Et Robert Huber, responsable de la sécurité chez Tenable, a déclaré que se concentrer uniquement sur TikTok signifie que nous risquons de manquer la forêt pour les arbres. « Il y a des centaines d’applications logicielles utilisées dans les agences gouvernementales chaque jour qui introduisent des risques, et les vulnérabilités connues non corrigées sont la source la plus probable de violations de données », a-t-il déclaré.
« La clé est que les responsables de la sécurité comprennent le profil de risque unique de leur organisation, découvrent où les vulnérabilités existent et hiérarchisent les efforts de remédiation pour éradiquer celles qui pourraient être les plus nuisibles en premier. »
Devrions-nous tous interdire TikTok?
Ismael Valenzuela, vice-président de la recherche et du renseignement sur les menaces chez BlackBerry, a déclaré qu’il voyait déjà des RSSI envisager d’interdire l’utilisation de TikTok sur les appareils de l’entreprise. Ceci est particulièrement pertinent pour ceux qui travaillent pour des organisations qui opèrent dans des environnements hautement réglementés, tels que le secteur des services financiers, où les entreprises sont censées à juste titre effectuer leurs propres tests de sécurité des produits et examiner juridiquement les positions de politique de confidentialité pour, à tout le moins, limiter l’utilisation sur les appareils d’entreprise ou par les utilisateurs de grande valeur.
« Il ne fait aucun doute que les organisations disposant de modèles de menaces régulièrement mis à jour basés sur des informations contextuelles, des pratiques de gestion des actifs matures et des solutions de gestion intégrée des terminaux sont mieux placées pour gérer ce risque à l’échelle de l’entreprise », a déclaré Valenzuela.

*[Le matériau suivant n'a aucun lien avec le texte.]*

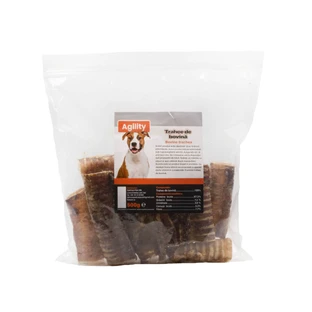 AGILITY Rindertrachee, XS-XL, natürlicher dehydrierter Belohnungsbeutel für Hunde, 500g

« Il souligne l’importance de la gestion des risques dans l’ensemble de l’organisation et la nécessité d’évaluer, et donc de contrôler, l’impact de l’introduction de nouveaux produits et technologies sur la sécurité globale de l’organisation. Cela inclut l’utilisation d’applications de chat et de médias sociaux apparemment inoffensives.
« Je soupçonne que seul un nombre limité de RSSI sont au courant de la déclaration de politique de confidentialité de TikTok », a-t-il poursuivi. « Alors que les attaques sur la chaîne d’approvisionnement sont une réelle préoccupation aujourd’hui, le risque d’atteinte à la vie privée devrait également être une priorité absolue pour les RSSI des organisations à haut risque. En effet, les données personnelles des dirigeants d’entreprise et d’autres personnes importantes peuvent être d’une grande valeur entre les mains d’attaquants motivés financièrement ou de l’État.
En fin de compte, la question de savoir si les responsables de la sécurité devraient interdire ou restreindre l’utilisation de TikTok sur les appareils appartenant à l’entreprise est une question à laquelle eux seuls peuvent répondre. Mais étant donné le nombre croissant d’interdictions gouvernementales proposées ou promulguées, à tout le moins, une évaluation approfondie des risques est de mise, associée à un audit plus large de l’activité des entreprises sur les médias sociaux.